EXERCISE DESCRIPTION — Each entry that follows is to be copied exactly, minus any pictures.

───── RECORDED DATA ─────

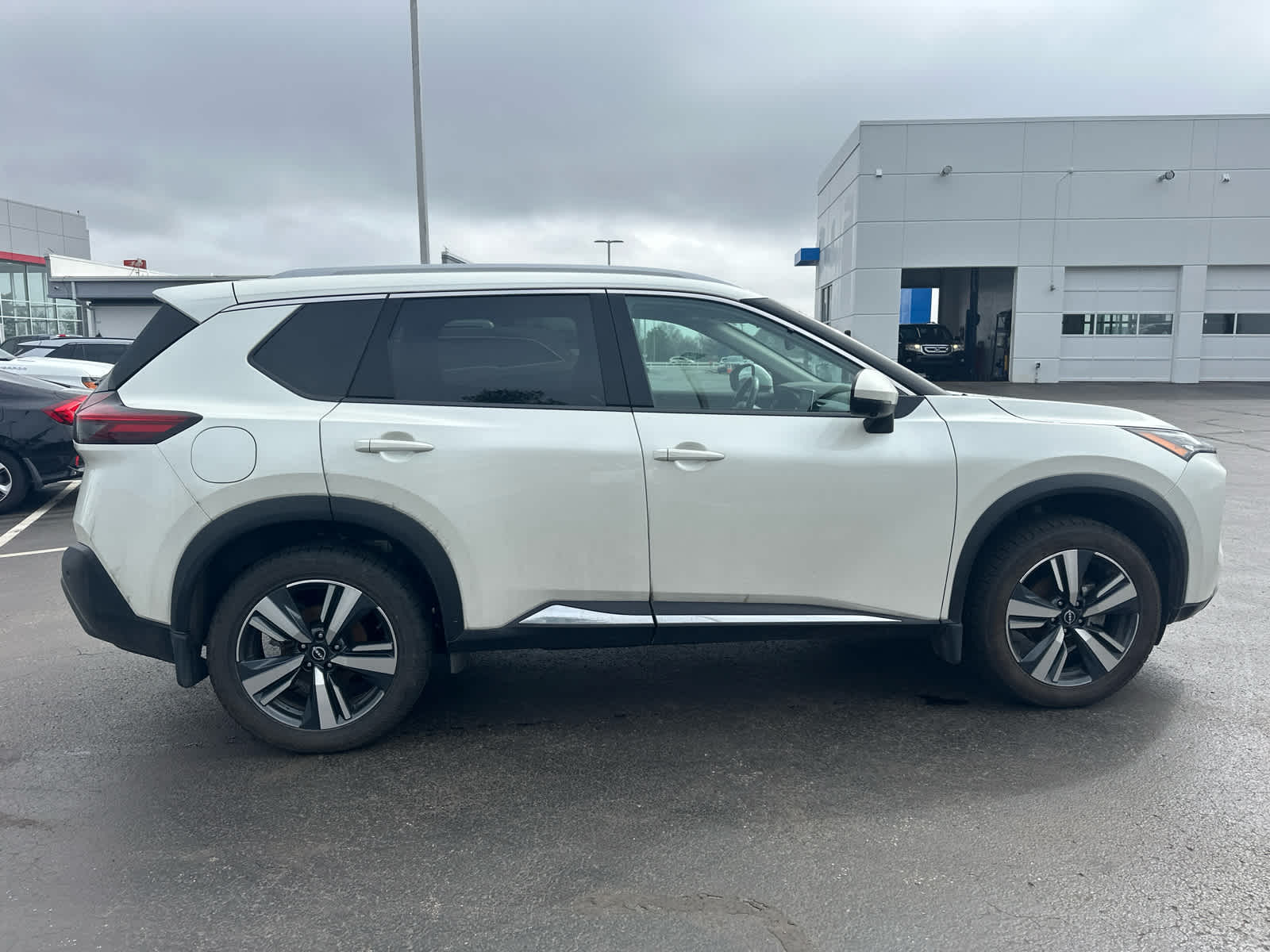 2023 Nissan Rogue SL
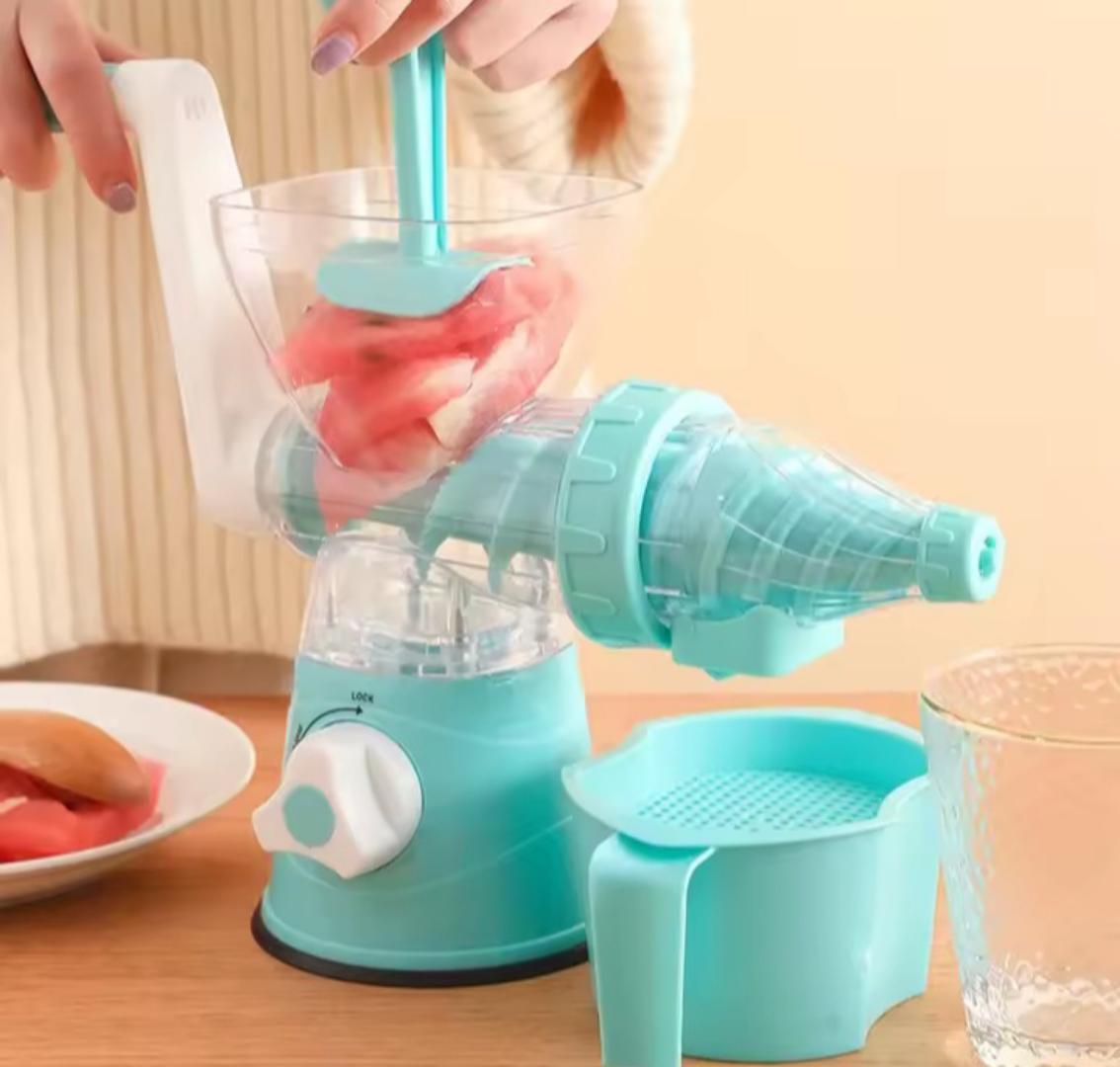 Manual Fruit Vegetable Juicer Multifunctional use: Juicer (celery/watermelon/wheatgrass/pear/apple juice, etc.) It can be used as an ice cream machine (put the fruit in the refrigerator for 3 hours an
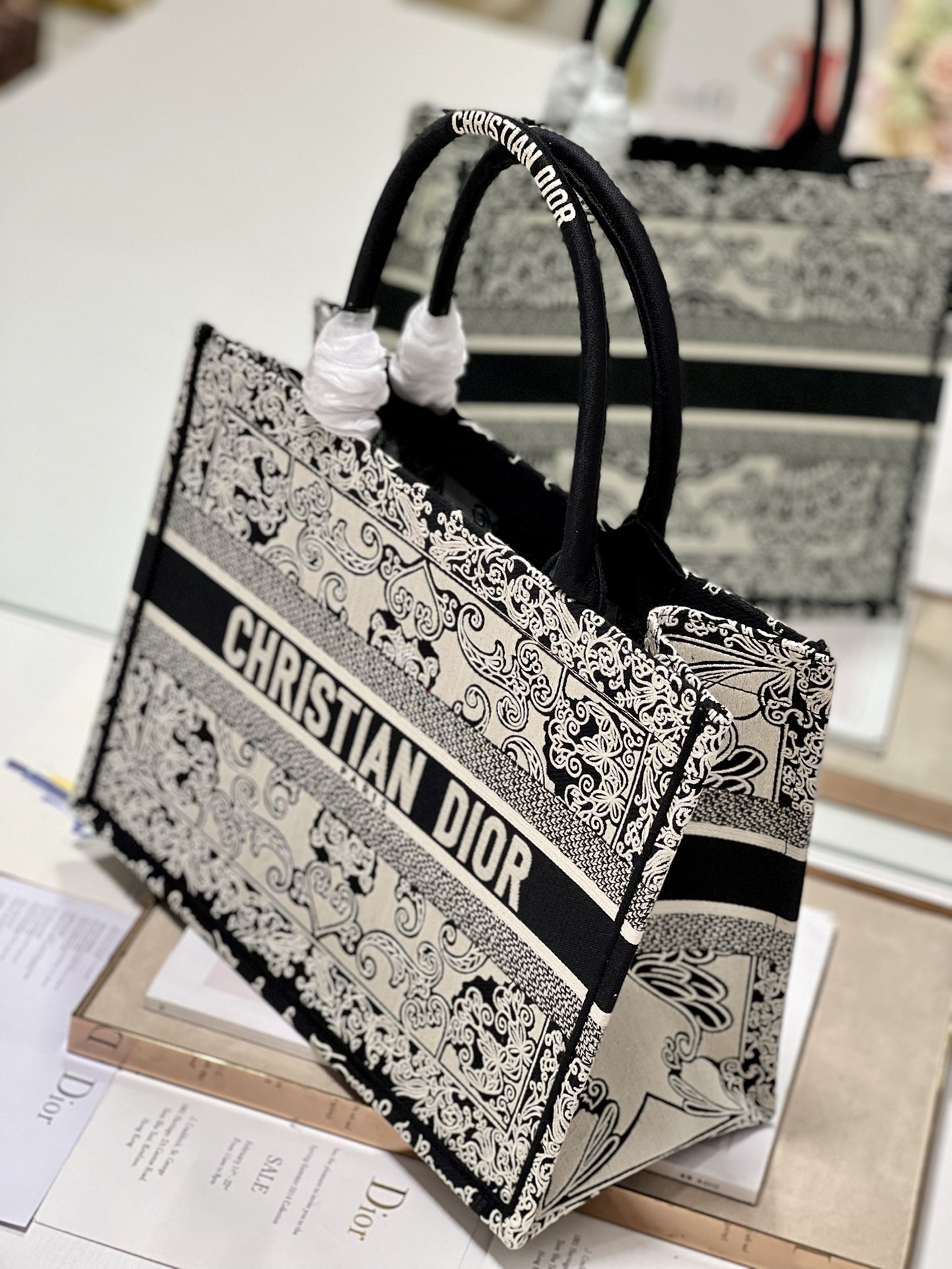 D*or book tote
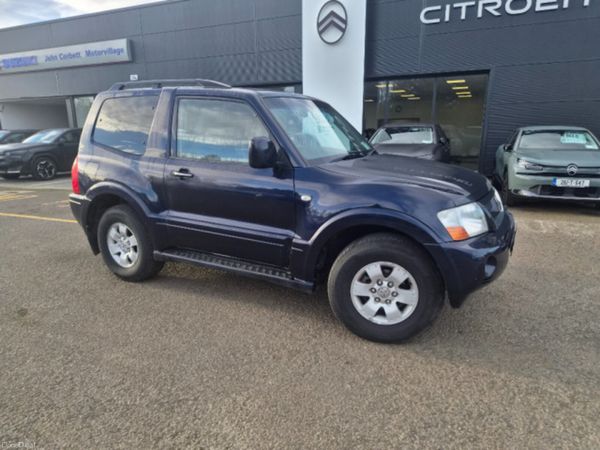 Mitsubishi Pajero SUV, Diesel, 2005, Blue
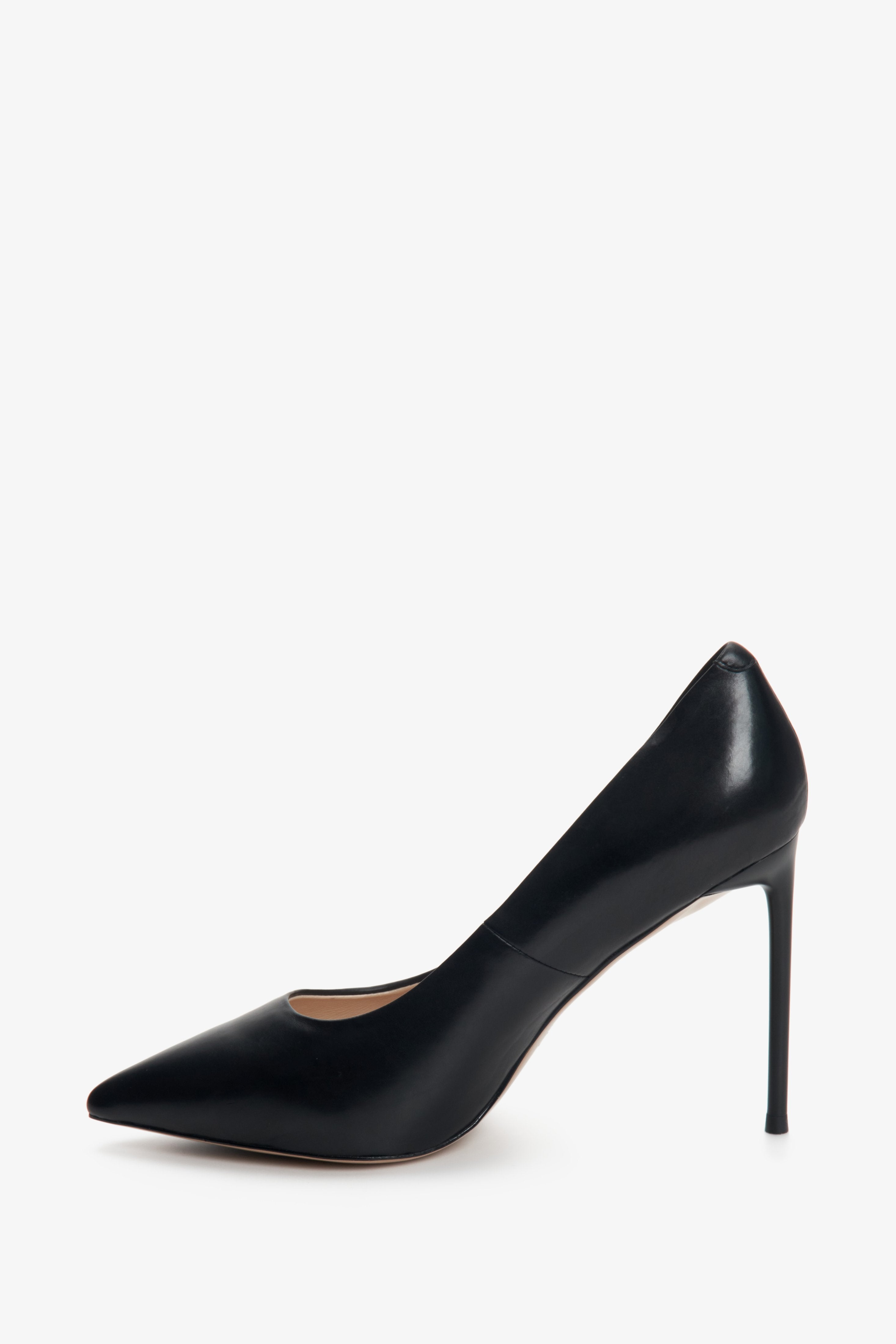Buty na wysokim obcasie z czarnej skóry naturalnej Estro.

─────

EXERCISE OUTPUT —
 2023 Nissan Rogue SL
 Manual Fruit Vegetable Juicer Multifunctional use: Juicer (celery/watermelon/wheatgrass/pear/apple juice, etc.) It can be used as an ice cream machine (put the fruit in the refrigerator for 3 hours an
 D*or book tote
 Mitsubishi Pajero SUV, Diesel, 2005, Blue
Buty na wysokim obcasie z czarnej skóry naturalnej Estro.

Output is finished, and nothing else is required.